Convicted child sex offender back in court

TRIGGER WARNING: This story contains graphic details of sexual assault against a child.

GREEN BAY, WI — Convicted child sex offender Hayehe:s Matthew Joseph Myke appeared back in court this month, in a post-conviction relief hearing that could reduce his time in jail.

Myke was found guilty at a jury trial in 2020 for repeatedly sexually assaulting a child in several locations and on several occasions across New York State and Wisconsin. He was sentenced to 10 years in prison.

A motion for post-conviction relief argues that the sentence exceeds the maximum penalty as set by law. It can also include grounds outside the record, including errors of the judge, jury or lawyers that were not discovered until after conviction.

Myke claims that he wasn’t aware he could testify on his own behalf in the jury trial, and says he produced text messages to his legal team that they did not submit during the trial.

Myke did not take the stand during the jury trial and, according to transcripts from the relief hearing, on multiple occasions told his lawyers he would not take the stand, maintaining his innocence.

Court records show that Myke sexually assaulted a 15 year old in at least seven incidents — one taking place at a pow-wow in Wisconsin while he was married and living in the state.

Graphic details on those incidents were outlined in a letter between the Brown County District Attorney David Lasee and Myke’s attorney Shane Brabazon.

In the letter, Lasee says the assaults escalated over time.

In September 2020, Myke was sentenced by Wisconsin Justice John P. Zakowski to 10 years in state prison along with an additional 10 years in extended supervision.
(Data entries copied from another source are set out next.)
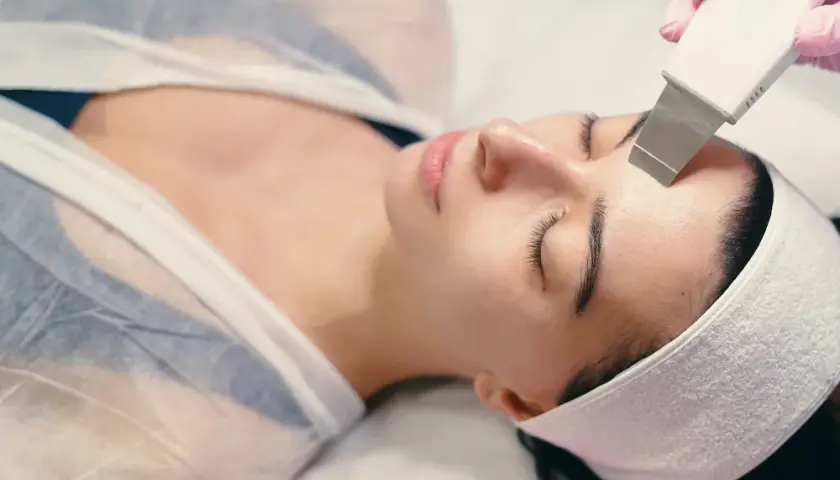 Peeling kawitacyjny ile trwa? Oto co musisz wiedzieć o czasie zabiegu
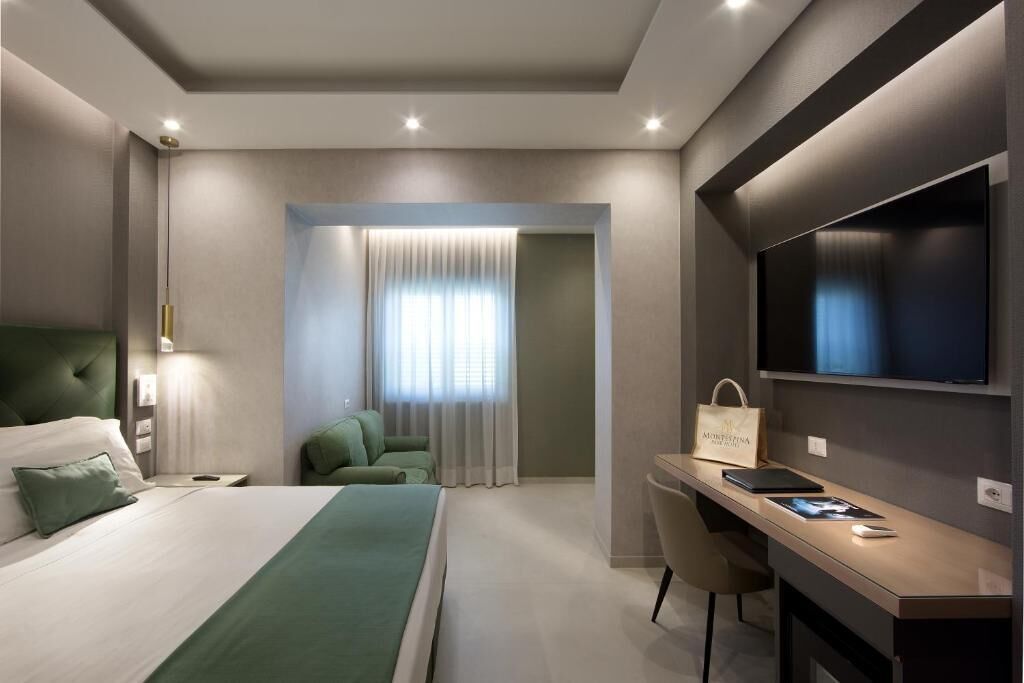 Premium bedding, down duvets, minibar, in-room safe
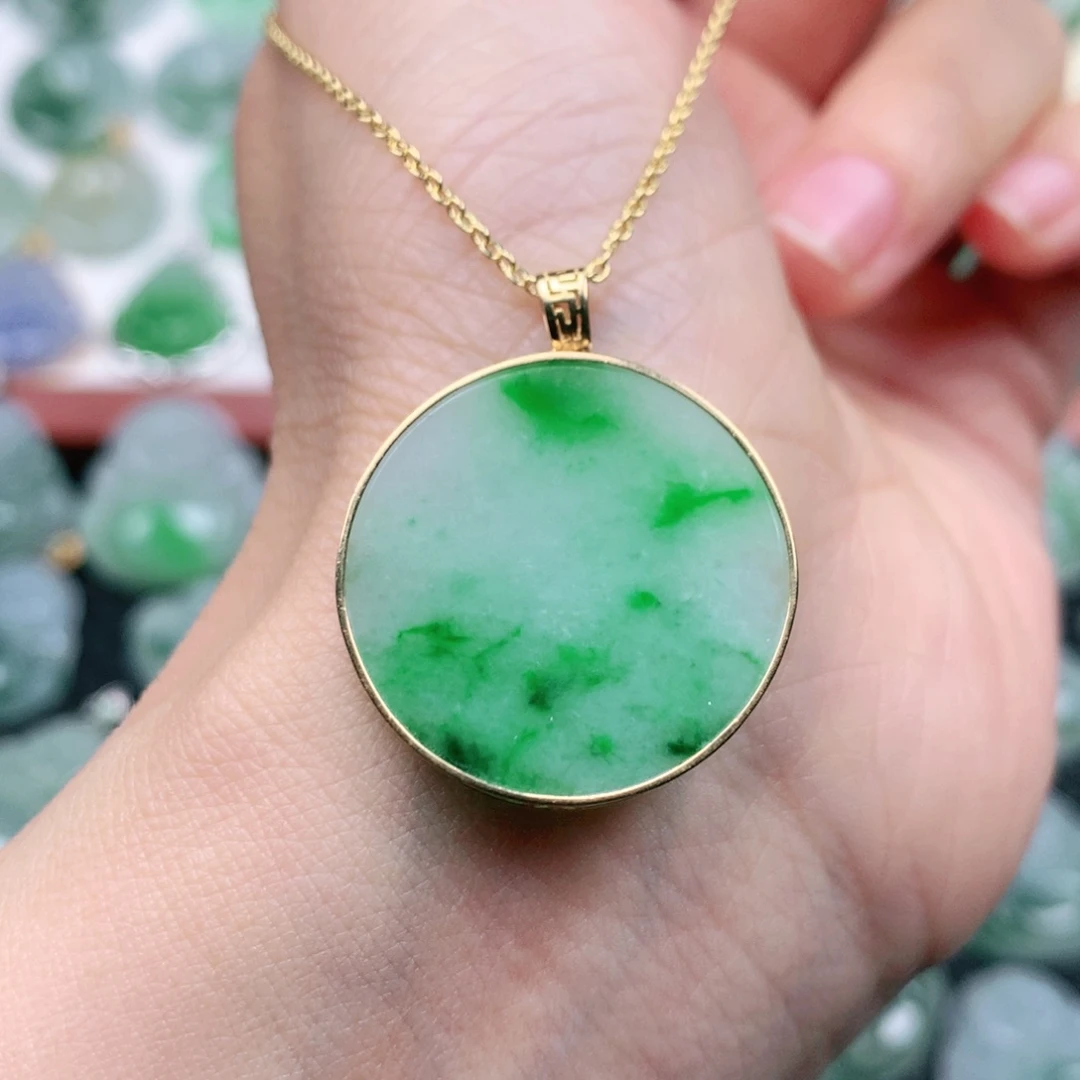 翡翠吊坠(不含链)18K金镶嵌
He must complete 1000 hours of community service and can have no contact with the victim or anyone under the age of 18. He is currently serving his prison sentence at the Oshkosh Correctional Institution in Wisconsin.

Eyewitnesses at trial say Myke apologized to the victim, saying he never meant for things to go as far as they did, just prior to the judge reading his sentence.

Myke was also ordered to undergo a sex offender treatment evaluation and must submit a DNA sample to the Sex Offender Registry Program.

Before the trial, Myke was appointed a faithkeeper at Sour Springs Longhouse on Six Nations.

As part of his defence, 30 people from Six Nations, Niagara Falls, Buffalo, Oneida Nation of the Thames and Fort Erie’s Haudenosaunee communities wrote letters to the judge —  asking for Myke to not be sent to prison — causing outrage across Haudenosaunee communities in Canada and the United States. Several of those supporters stated that Myke did not deserve to serve time in prison for child rape because he is a faithkeeper, can speak the Cayuga language and conduct ceremonies.

Members of the victim’s family told TRT it was Myke’s traditional role as a faithkeeper in the longhouse tradition that introduced the man to the victim.

At least one person who wrote a letter of support told TRT they were not told about the nature of the charges that Myke was facing when they were asked to write him a letter of support. Upon news breaking about the nature of the charges he was facing, at least one of those supporters wrote to the Brown County courts, withdrawing their letter of support. Another individual lost their job for writing a letter of support and others were asked to step down from positions in leadership at indigenous organizations because of their support letters — including a push by the Haudenosaunee Women’s National Lacrosse team to remove a team manager for their support letter.

The judge will present a written decision on the appeal for post-conviction relief at a later date.